======== Task inputs ========

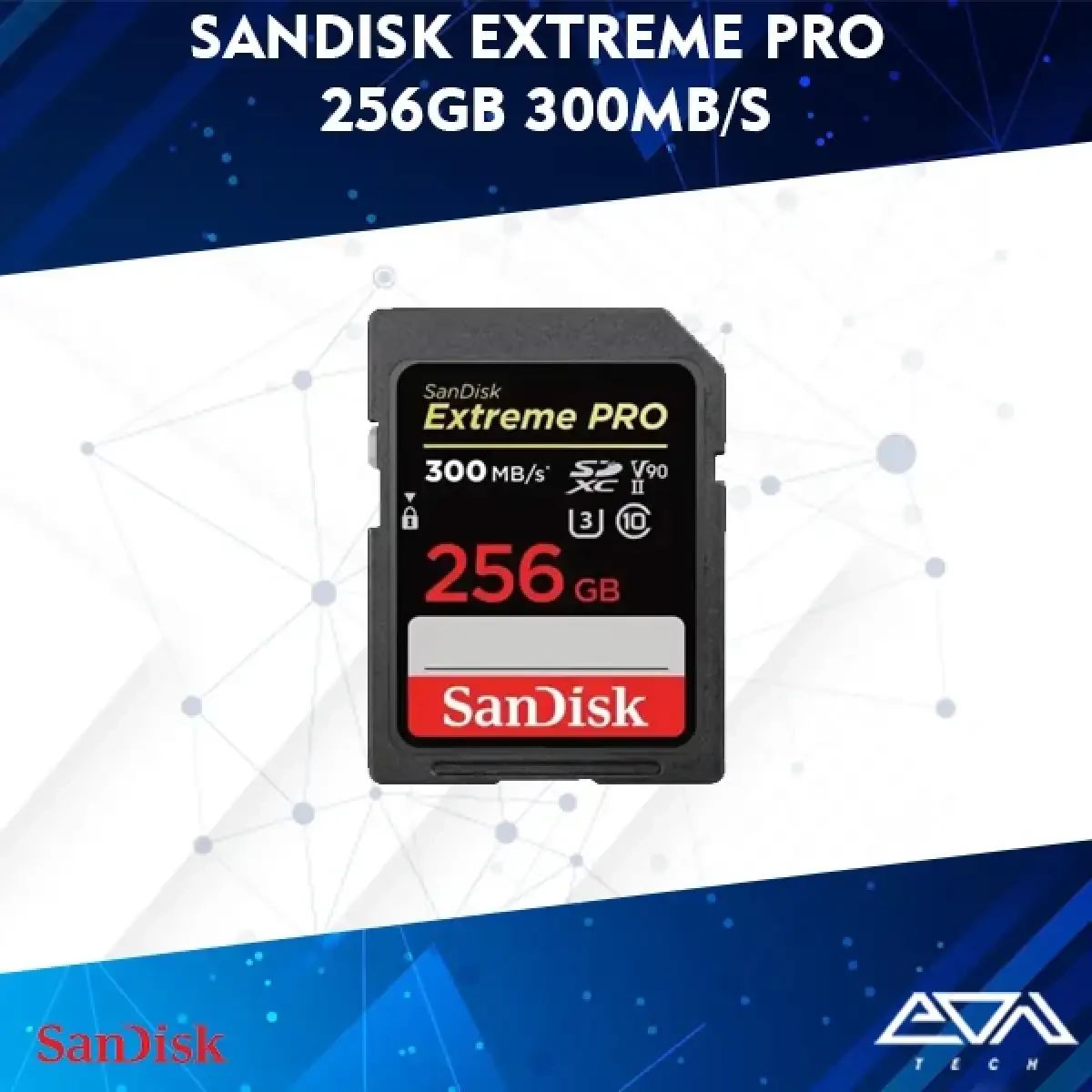 Jual SD Card Sandisk Extreme Pro 256gb 300mb/s Memory Uhs-ii V90 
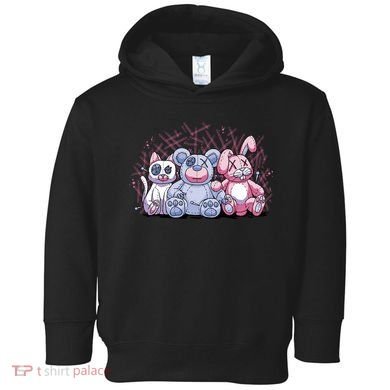 Stuffed Animals Trio Toddler Hoodie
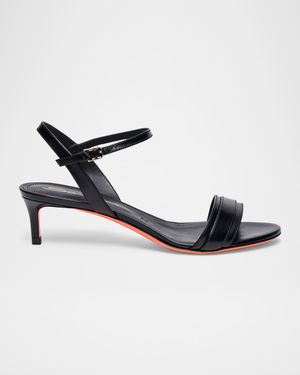 Sirolo Leather Ankle-Strap Sandals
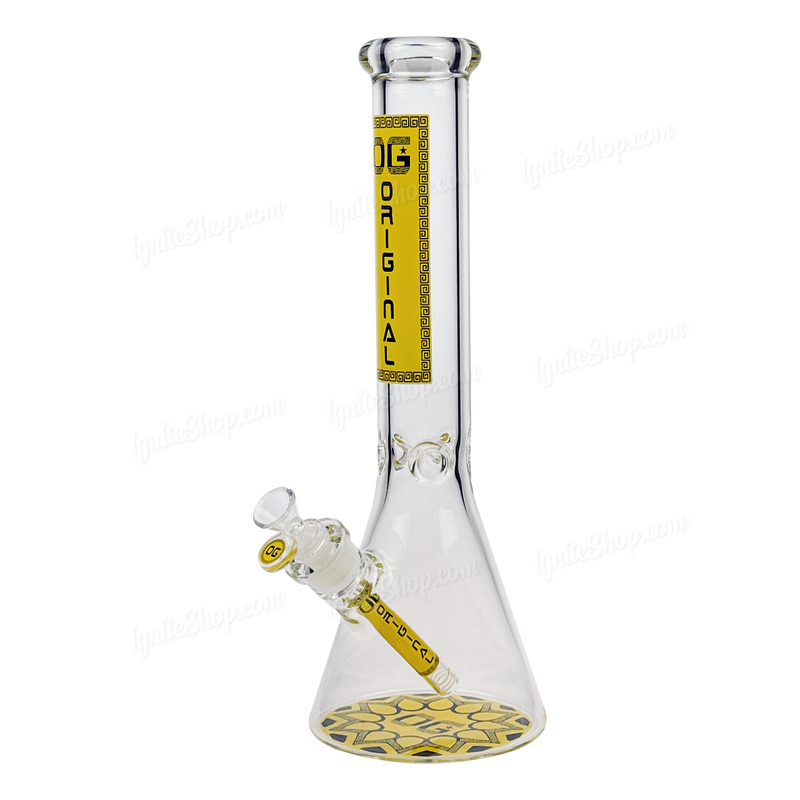 OG Original Glass 14inches Decal Beaker OG590 - YELLOW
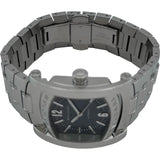 ブルガリ BVLGARI アショーマ AA44S ブラック ステンレススチール 自動巻き メンズ 腕時計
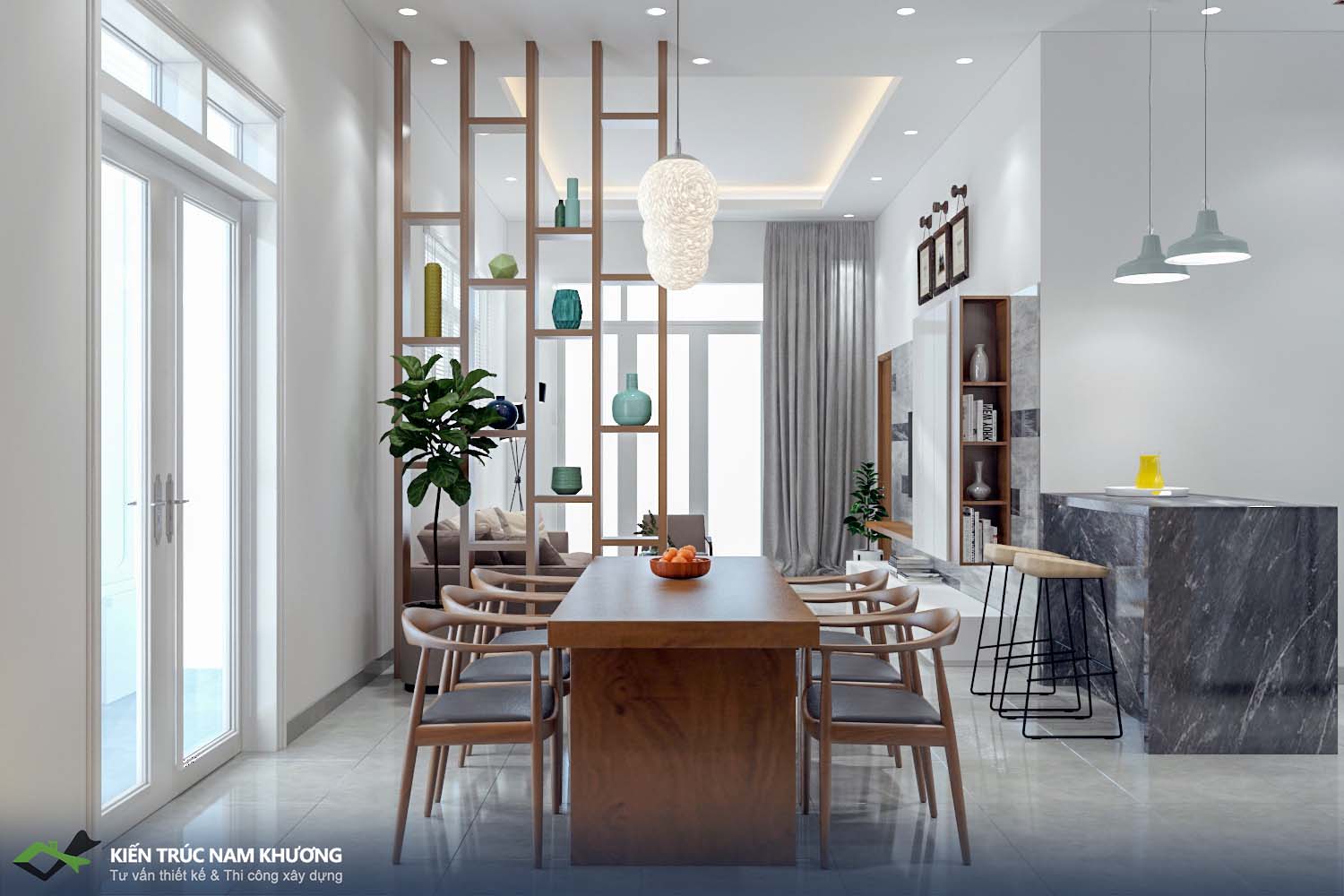 Thiết kế nội thất khu vực ăn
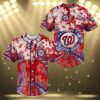 Washington Nationals Youth Jersey Baseball with Flower Pattern 3 3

========

### Work instructions
All lines between the one that contains "OG Original Glass" and the end of the records above, both included, are to be returned exactly as they stand, except for pictures, which are omitted.

### Output below
 OG Original Glass 14inches Decal Beaker OG590 - YELLOW
 ブルガリ BVLGARI アショーマ AA44S ブラック ステンレススチール 自動巻き メンズ 腕時計
 Thiết kế nội thất khu vực ăn
 Washington Nationals Youth Jersey Baseball with Flower Pattern 3 3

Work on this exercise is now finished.